What is needed:
Report each line of the records below that uses the word "kitchen".

Records for this exercise:
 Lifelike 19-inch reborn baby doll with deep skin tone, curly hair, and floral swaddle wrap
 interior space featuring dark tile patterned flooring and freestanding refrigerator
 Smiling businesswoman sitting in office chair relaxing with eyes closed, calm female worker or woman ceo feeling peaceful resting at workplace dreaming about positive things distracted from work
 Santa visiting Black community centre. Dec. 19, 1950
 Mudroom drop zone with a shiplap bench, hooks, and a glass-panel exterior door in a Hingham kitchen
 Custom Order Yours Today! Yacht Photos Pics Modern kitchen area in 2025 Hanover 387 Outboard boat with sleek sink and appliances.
--
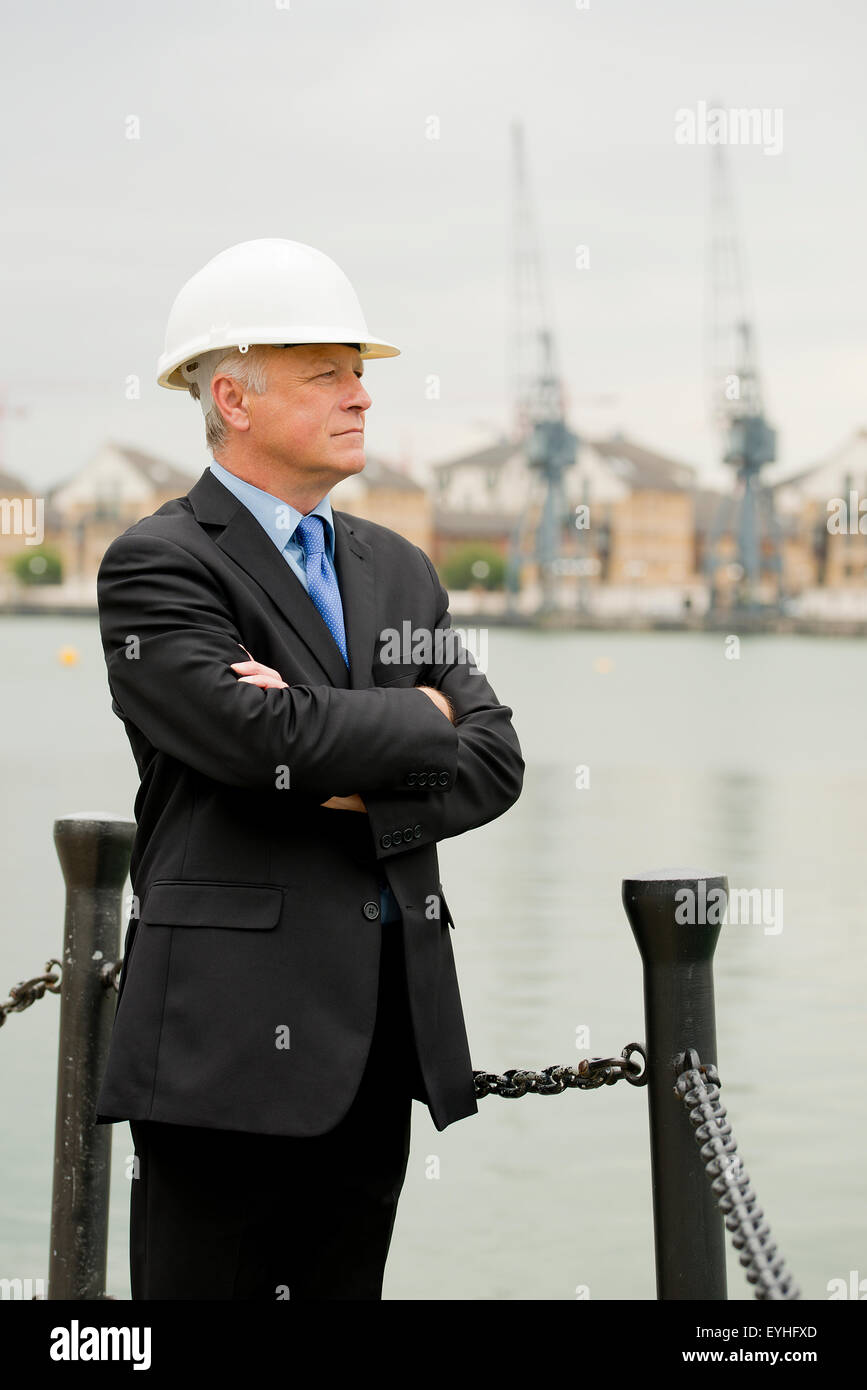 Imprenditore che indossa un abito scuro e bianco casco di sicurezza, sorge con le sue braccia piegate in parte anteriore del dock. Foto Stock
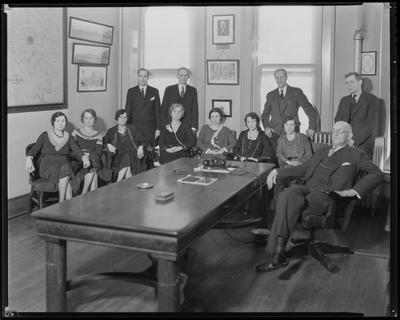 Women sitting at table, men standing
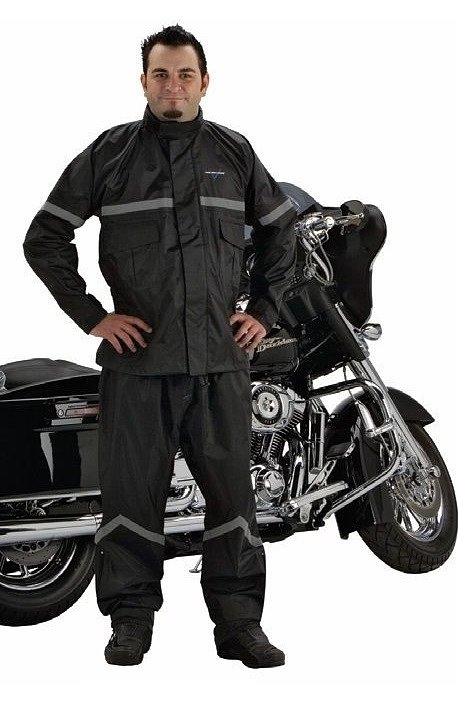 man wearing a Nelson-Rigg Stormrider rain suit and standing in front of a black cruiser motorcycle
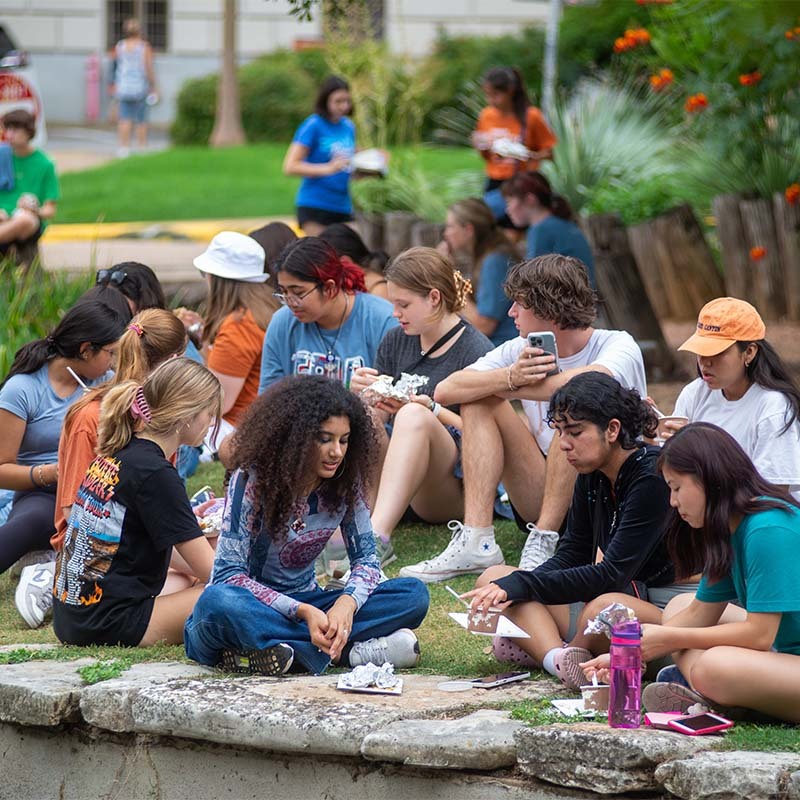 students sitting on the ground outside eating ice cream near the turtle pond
==
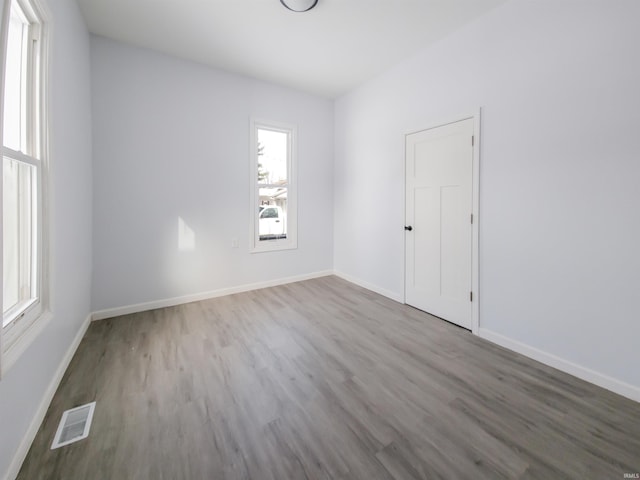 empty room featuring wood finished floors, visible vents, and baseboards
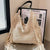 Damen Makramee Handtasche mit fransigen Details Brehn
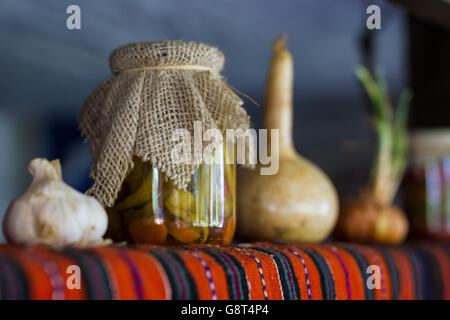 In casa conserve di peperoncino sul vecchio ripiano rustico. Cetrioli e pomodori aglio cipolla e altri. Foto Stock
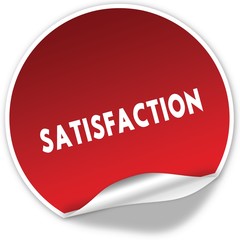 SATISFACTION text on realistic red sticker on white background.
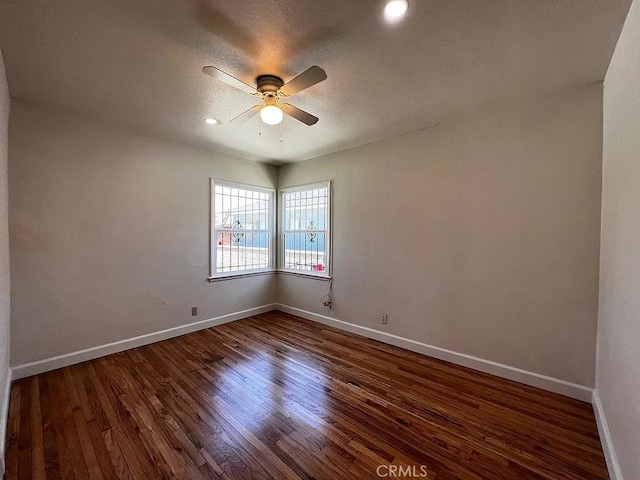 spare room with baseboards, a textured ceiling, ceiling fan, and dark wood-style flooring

Result of this task:
 Mudroom drop zone with a shiplap bench, hooks, and a glass-panel exterior door in a Hingham kitchen
 Custom Order Yours Today! Yacht Photos Pics Modern kitchen area in 2025 Hanover 387 Outboard boat with sleek sink and appliances.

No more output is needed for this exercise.